A very common misunderstanding about PDF relates to textual page content – such content is not natively stored as Unicode in PDF. This is because PDF is a fully type-set paginated page description language based on precise glyph appearances. The PDF page is the output after various kerning, text shaping, complex text layout, and reflow algorithms have all done their job. This quality is what gives PDF its inherently reliable appearance model. Reliable Unicode text extraction of page content may require PDF creation software to ensure that any additional information about the character, or characters, that each glyph represents is also added to the PDF. This is fully described in clause 9 of ISO 32000.

Testing PDF UTF-8 support

It is now over 4 years since PDF 2.0 with UTF-8 support was first officially published as ISO 32000-2:2017. Most PDF viewers should therefore be expected to correctly handle UTF-8 text strings.

As a variable-width encoding, UTF-8 is also backwards compatible with ASCII. This means that UTF-8 strings that use only the standard Latin alphabet with 1 byte per character – in the same way as PDFDocEncoding – will only have the 3 byte BOM as the distinguishing characteristic.

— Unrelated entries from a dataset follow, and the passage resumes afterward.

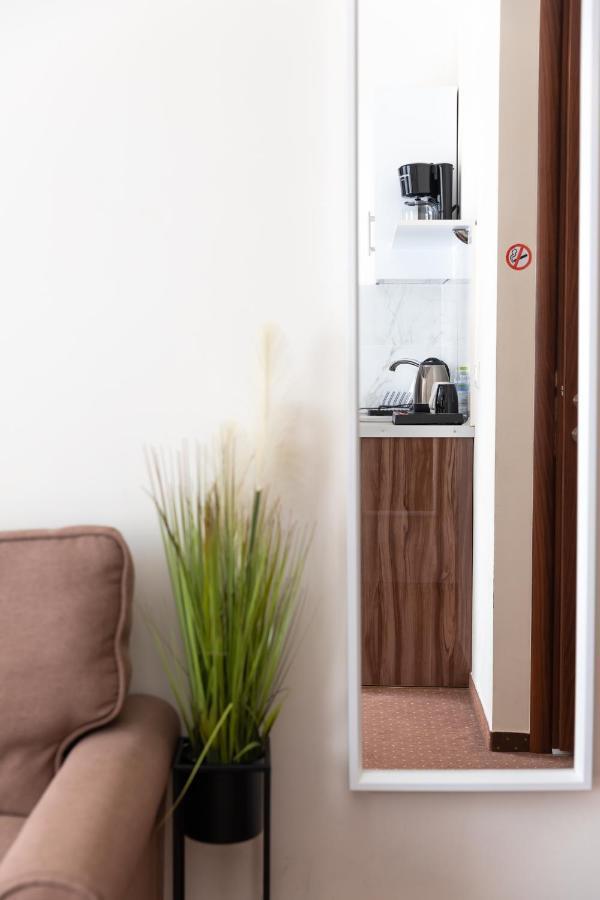 Plaza & Aparthotel 3*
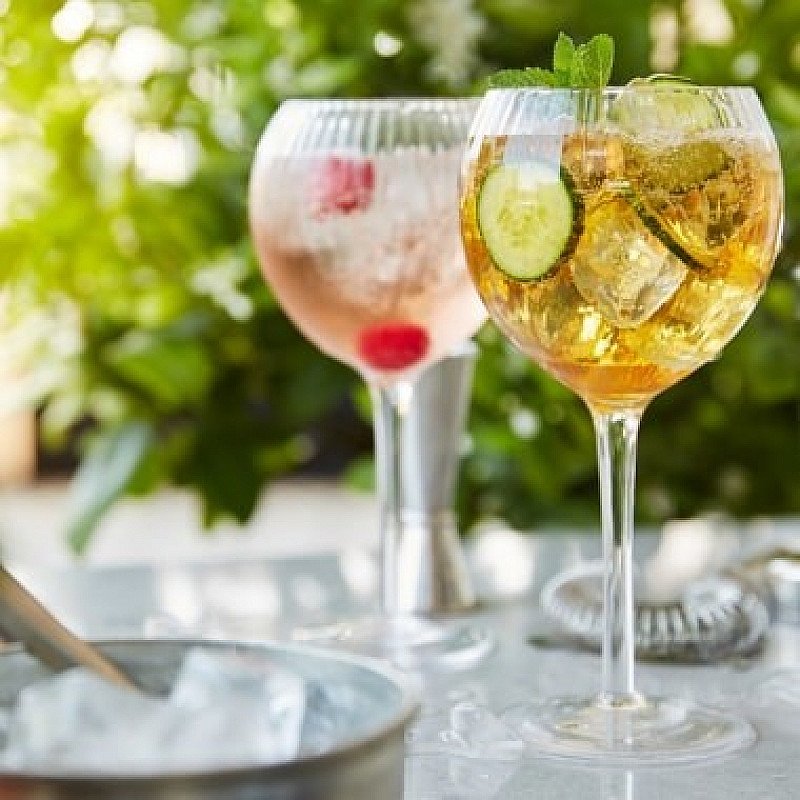 Summer Happy Hour - 25% OFF Drinks - Everyday - 5-7pm!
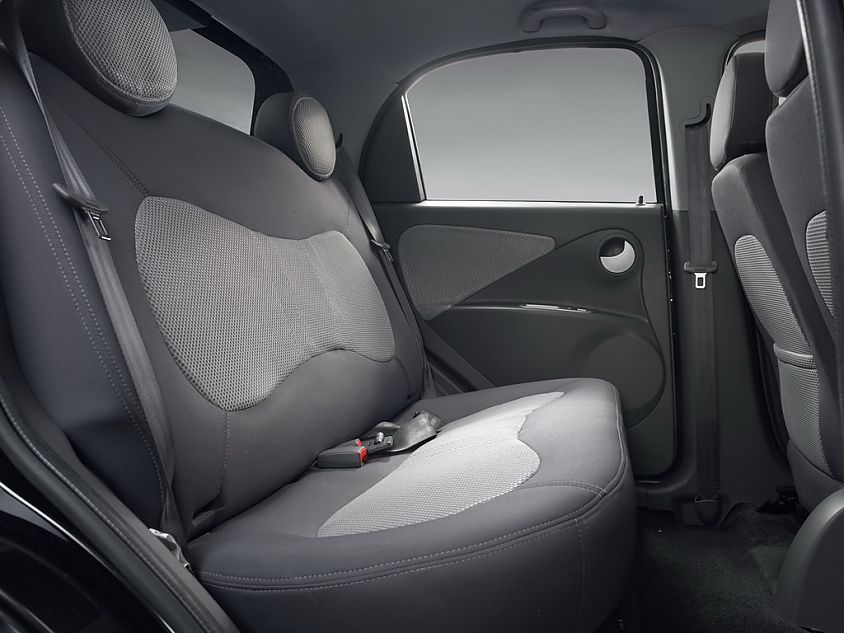 瑞麒M1官方资料图内饰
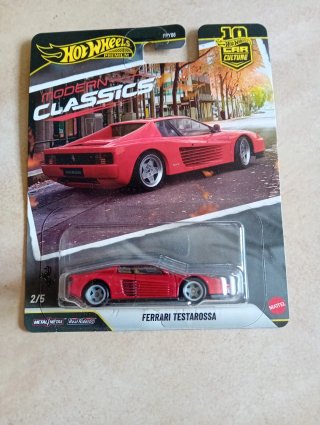 Hot Wheels Ferrari Testarossa Modern Classics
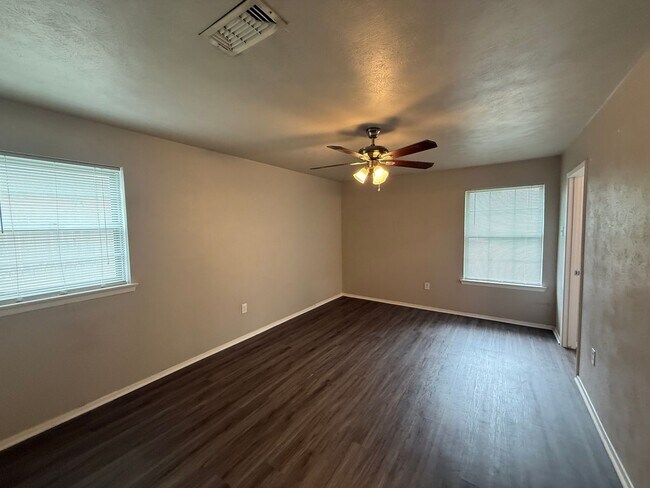 Building Photo - 3 Bed | 2 Bath | 2-Car Garage + Carport – ...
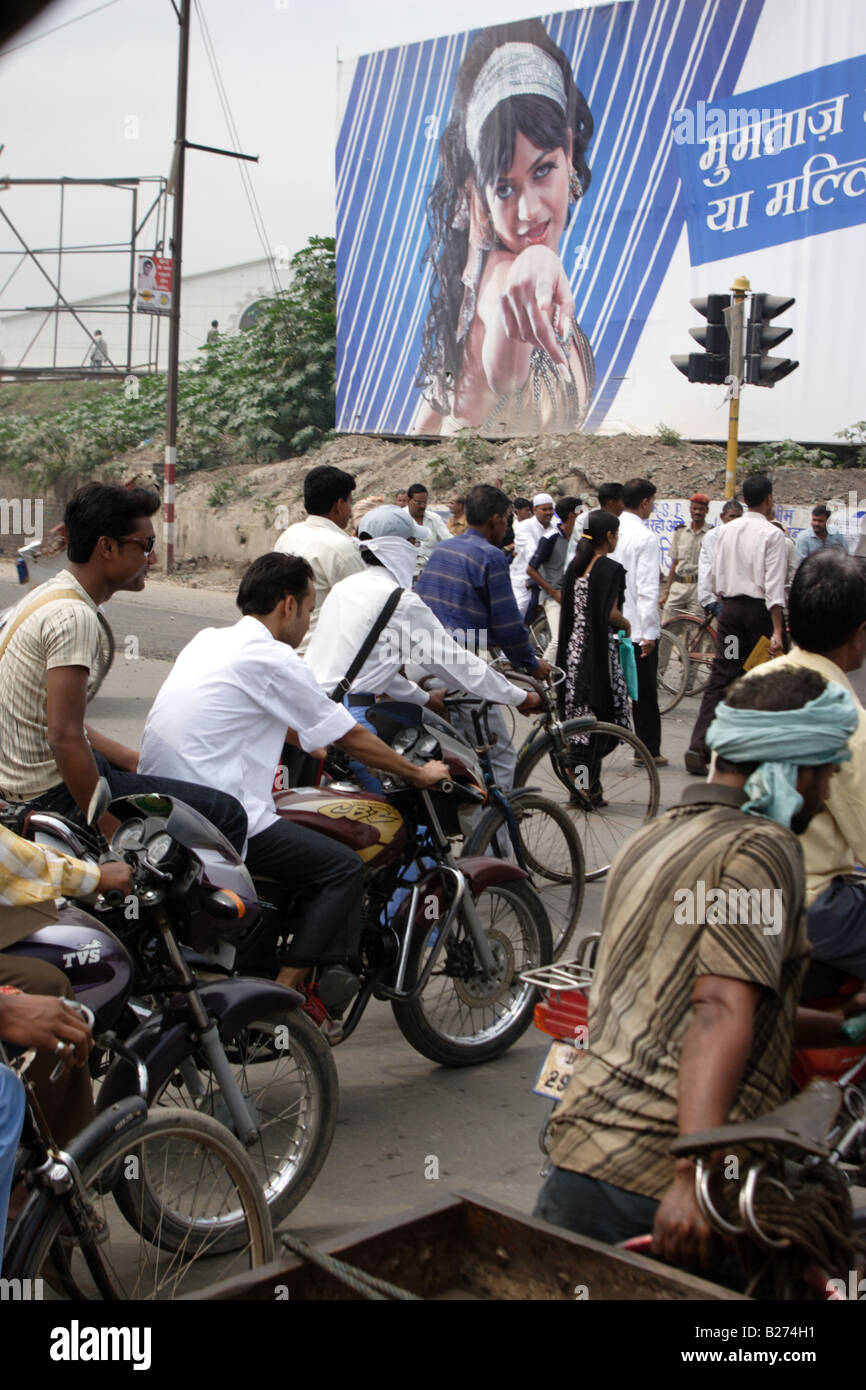 Straßenverkehr in Varanasi, Indien Stockfoto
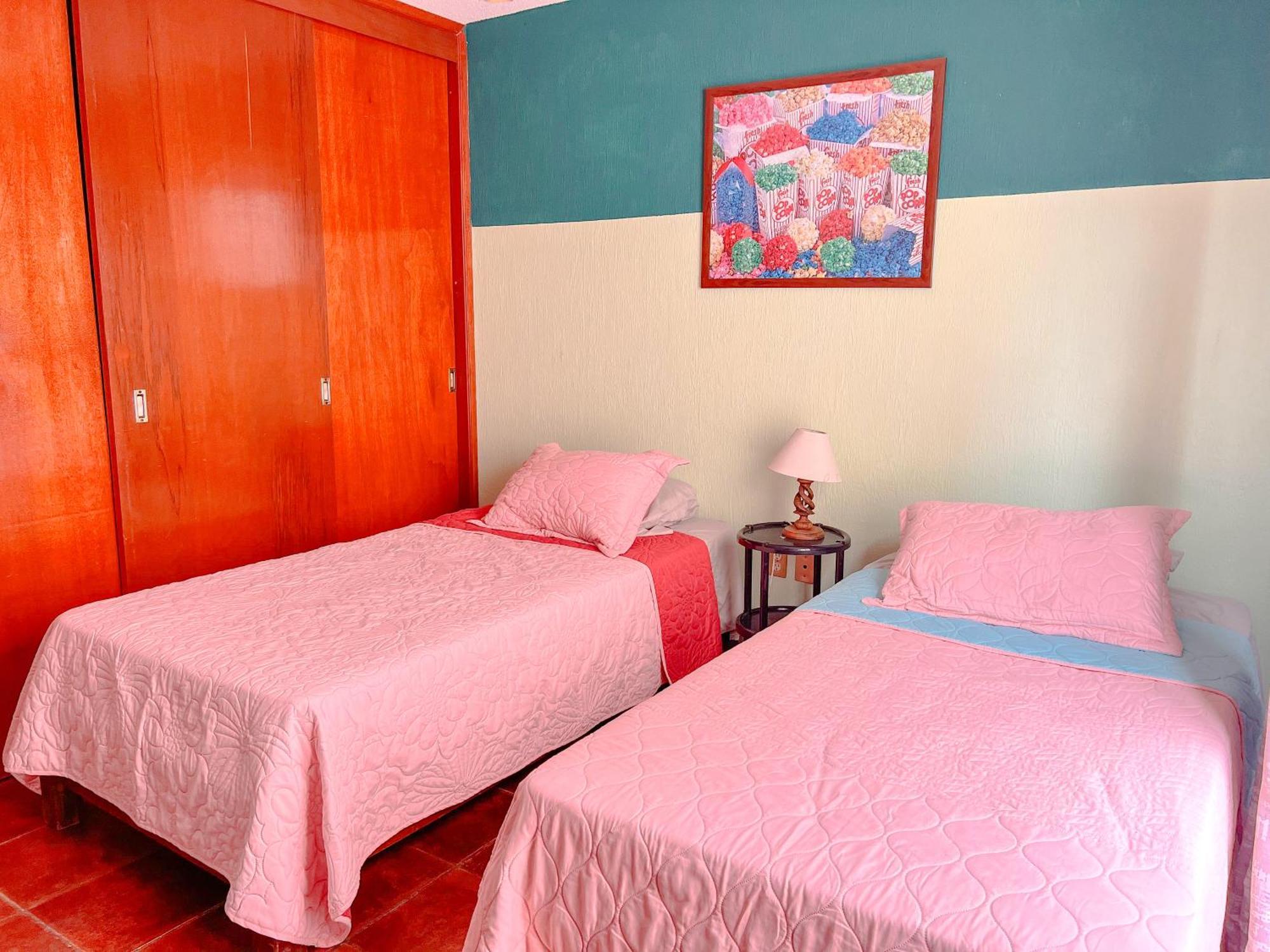 Colorful Family Condo With Terrace And Free Parking Guanajuato Exterior photo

This tends to make evaluation of PDF technologies difficult as more complex UTF-8 sequences are necessary.

To help both end-users and developers assess PDF technologies, I have created a PDF 2.0 test file that uses UTF-8 and UTF16-BE text strings across many PDF features including bookmarks (outlines), optional content layer names, page labels, and document information. The test file “pdf20-utf8-test.pdf” is in the PDF Association’s GitHub repository for PDF 2.0 examples (https://github.com/pdf-association/pdf20examples) and is best used in an interactive viewer. Note that it is not a comprehensive test of every possible PDF text string, nor is it a complete test of UTF-8 support.

User interfaces and console applications that do not correctly support PDF 2.0 UTF-8 text strings will most likely interpret the 3-byte UTF-8 BOM as bytes in PDFDocEncoding, thus displaying or outputting at least 3 leading “junk” characters. The decimal byte values 239, 187 and 191 in PDFDocEncoding represent i dieresis (ï), right-pointing double angle quotation mark (»), and inverted question mark (¿) respectively.

 width=

Output from various interactive PDF viewers shows differing levels of PDF 2.0 UTF-8
support for outlines, layers and document information.

Selected UTF-8 text strings in the PDF 2.0 test file are from the Big List of Naughty Strings (BLNS, https://github.com/minimaxir/big-list-of-naughty-strings) so some of the UTF-8 strings in this PDF 2.0 test file use PDF hexadecimal strings which make it awkward to see what should be displayed in a user interface. A Linux console correctly configured to support UTF-8 using the locales package can be used to convert UTF-8 PDF hex strings copied from the PDF into visible glyphs:

$ export LC_ALL=en_US.UTF-8
$ export LANG=en_US.UTF-8
$ export LANGUAGE=en_US.UTF-8
# confirm UTF-8 support is now configured using “locale” command
$ locale
LANG=en_US.UTF-8
LANGUAGE=en_US.UTF-8
LC_CTYPE="en_US.UTF-8"
LC_NUMERIC="en_US.UTF-8"
LC_TIME="en_US.UTF-8"

# Including 3-byte UTF-8 BOM as copied directly out of the PDF (EF BB BF)
$ echo EF BB BF DA AF DA 86 D9 BE DA 98 | xxd -r -p
گچپژ 
# Without 3-byte UTF-8 BOM (which is not required by Linux)
$ echo DA AF DA 86 D9 BE DA 98 | xxd -r -p
گچپژ
$ echo E8 A1 A8 E3 83 9D 41 E9 B7 97 C5 92 C3 A9 EF BC A2 E9 80 8D C3 9C C3 9F C2 AA C4 85 C3 B1 E4 B8 82 E3 90 80 F0 A0 80 80 | xxd -r -p
表ポA鷗ŒéB逍Üߪąñ丂㐀 
$ echo F0 9F 8C 88 EF B8 8F 0A | xxd -r -p

Conclusion

Unlike when PDF 1.7 was released, today, UTF-8 dominates the web and has become the de facto character encoding for operating systems and programming languages. PDF 2.0 first added support for UTF-8 back in 2017. As the adoption of PDF 2.0 increases, it is important for all users to know that their PDF technology platforms and investments correctly support the presentation of navigation and interactive elements that can be encoded as UTF-8.